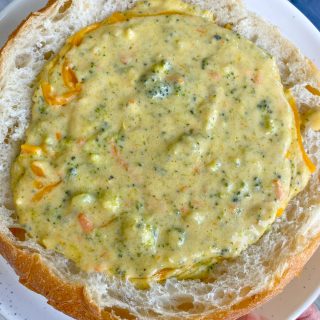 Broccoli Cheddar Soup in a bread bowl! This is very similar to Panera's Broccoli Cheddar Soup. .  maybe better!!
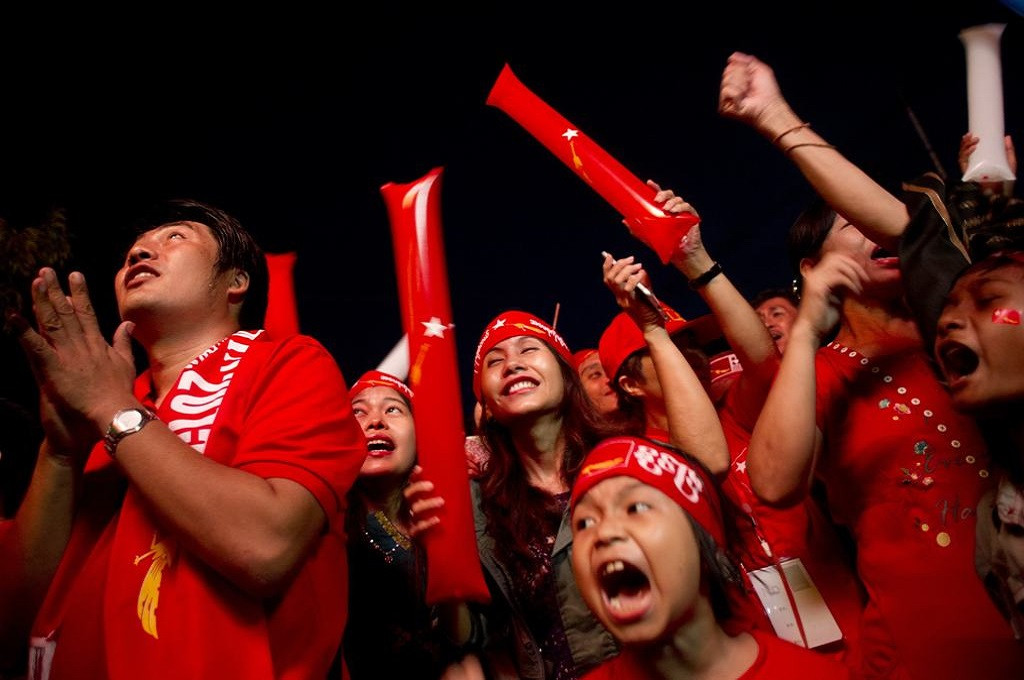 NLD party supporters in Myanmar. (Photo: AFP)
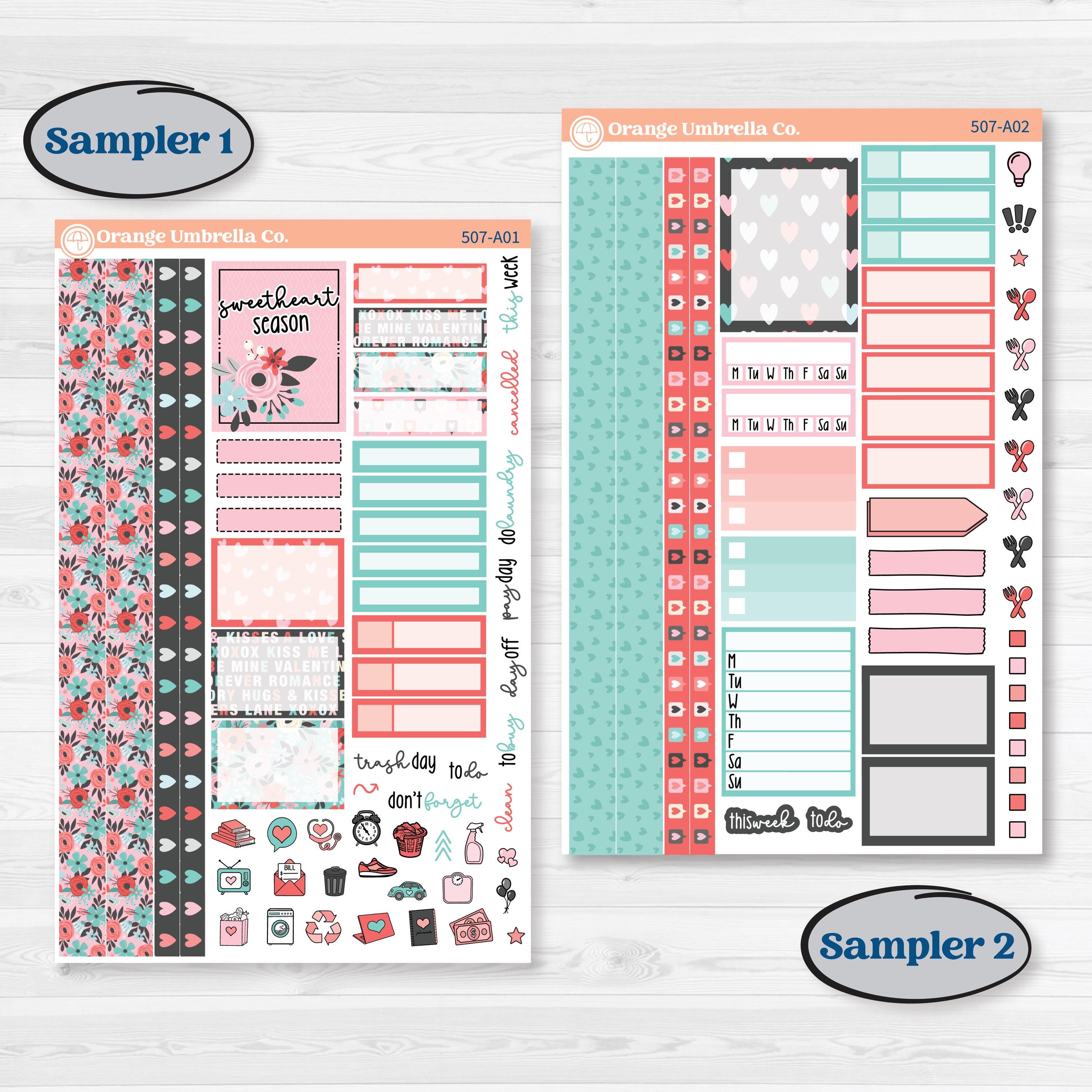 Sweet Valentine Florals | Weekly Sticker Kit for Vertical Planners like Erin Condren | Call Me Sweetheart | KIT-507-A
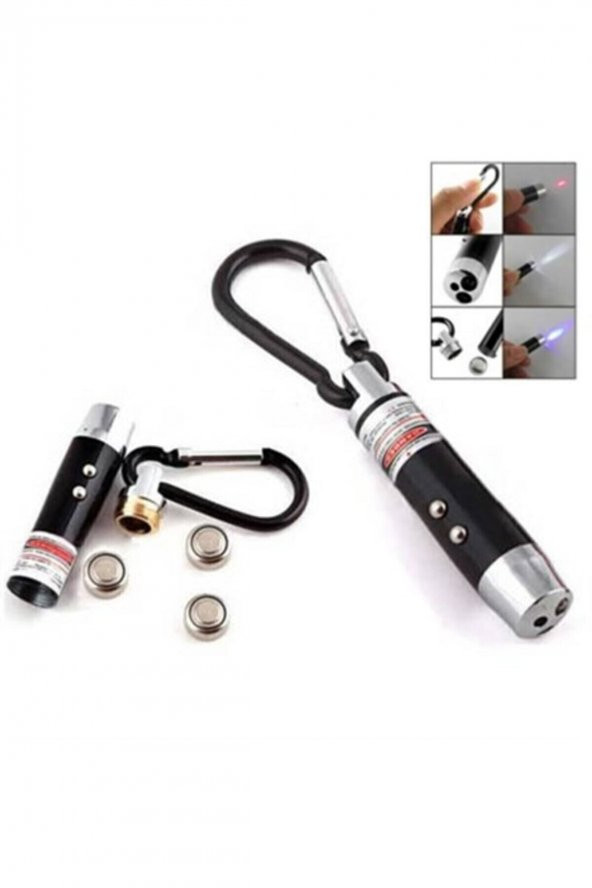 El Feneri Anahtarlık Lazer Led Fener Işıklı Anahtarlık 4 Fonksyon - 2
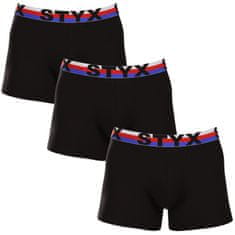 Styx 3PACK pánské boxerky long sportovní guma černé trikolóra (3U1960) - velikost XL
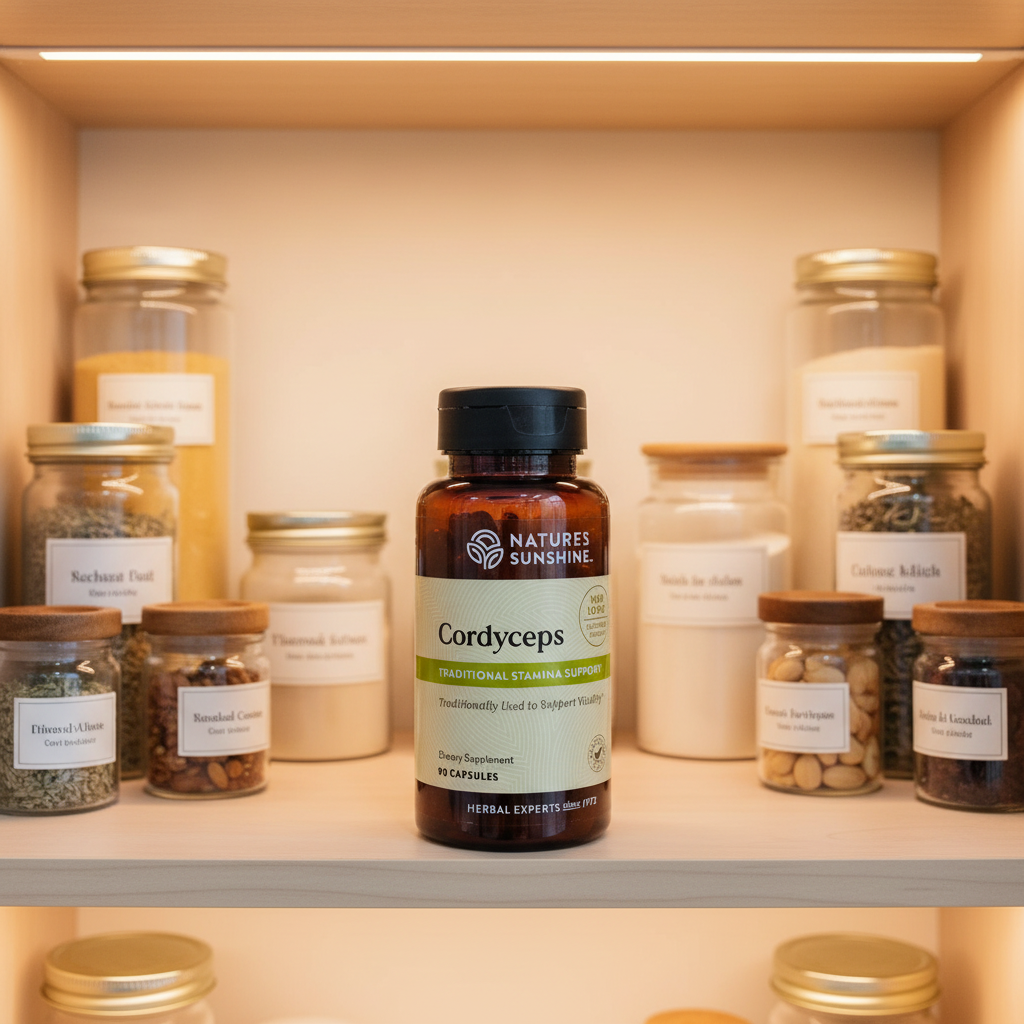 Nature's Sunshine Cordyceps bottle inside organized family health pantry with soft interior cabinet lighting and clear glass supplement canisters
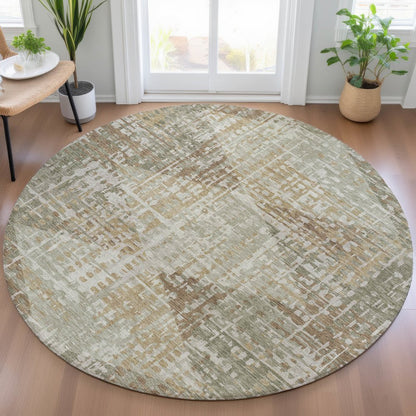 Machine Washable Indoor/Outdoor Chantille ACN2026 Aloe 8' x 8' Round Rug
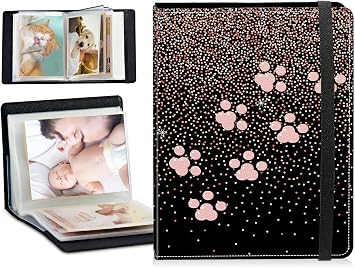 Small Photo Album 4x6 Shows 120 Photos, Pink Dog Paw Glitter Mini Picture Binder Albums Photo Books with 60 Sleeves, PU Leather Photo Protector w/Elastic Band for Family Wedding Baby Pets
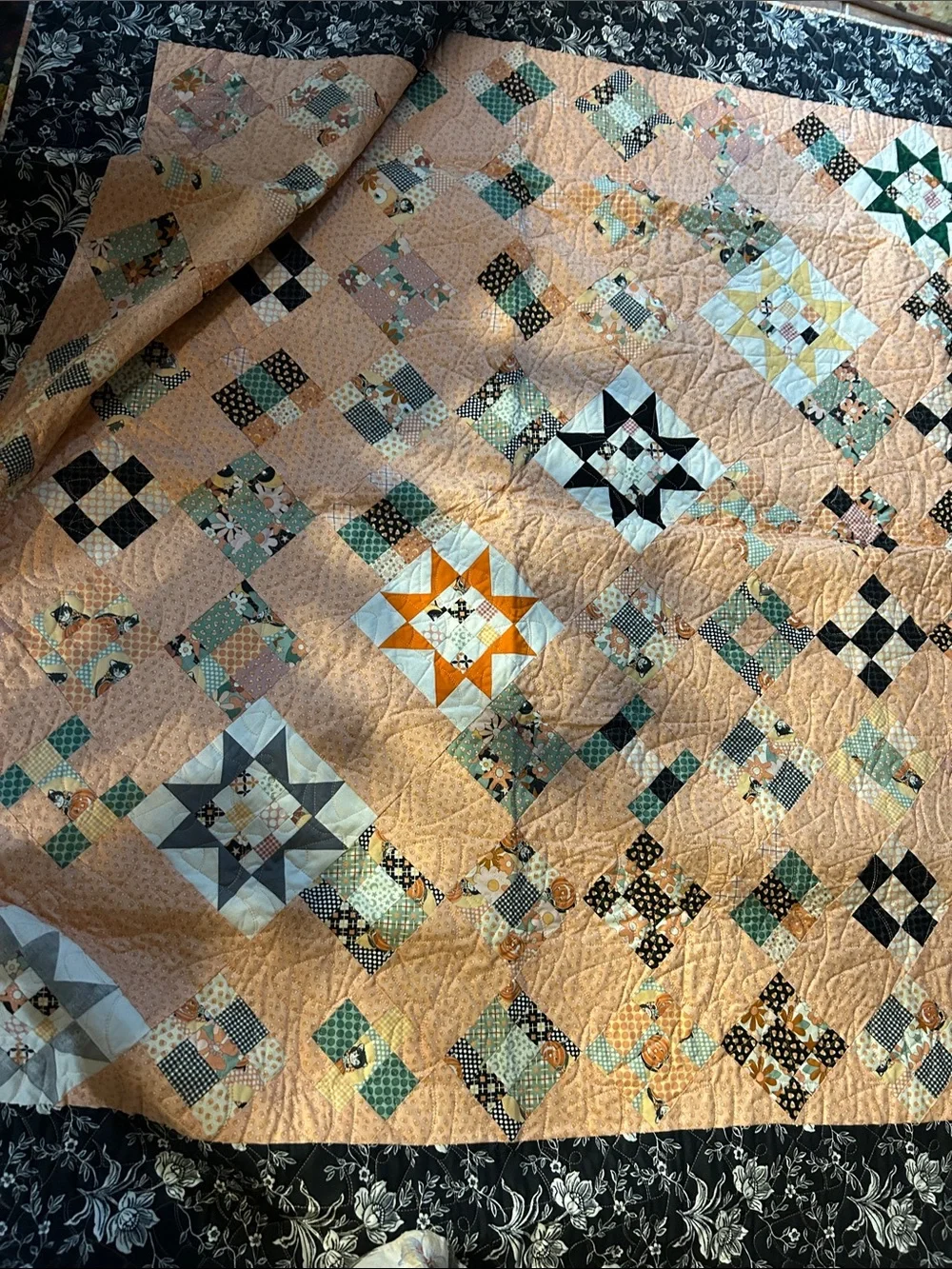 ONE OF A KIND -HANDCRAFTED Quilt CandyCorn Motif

Your objective =
Copy out the lines above unchanged. Skip the images.

Task response =
 Broccoli Cheddar Soup in a bread bowl! This is very similar to Panera's Broccoli Cheddar Soup. .  maybe better!!
 NLD party supporters in Myanmar. (Photo: AFP)
 Sweet Valentine Florals | Weekly Sticker Kit for Vertical Planners like Erin Condren | Call Me Sweetheart | KIT-507-A
 El Feneri Anahtarlık Lazer Led Fener Işıklı Anahtarlık 4 Fonksyon - 2
 Styx 3PACK pánské boxerky long sportovní guma černé trikolóra (3U1960) - velikost XL
 Nature's Sunshine Cordyceps bottle inside organized family health pantry with soft interior cabinet lighting and clear glass supplement canisters
 Machine Washable Indoor/Outdoor Chantille ACN2026 Aloe 8' x 8' Round Rug
 Small Photo Album 4x6 Shows 120 Photos, Pink Dog Paw Glitter Mini Picture Binder Albums Photo Books with 60 Sleeves, PU Leather Photo Protector w/Elastic Band for Family Wedding Baby Pets
 ONE OF A KIND -HANDCRAFTED Quilt CandyCorn Motif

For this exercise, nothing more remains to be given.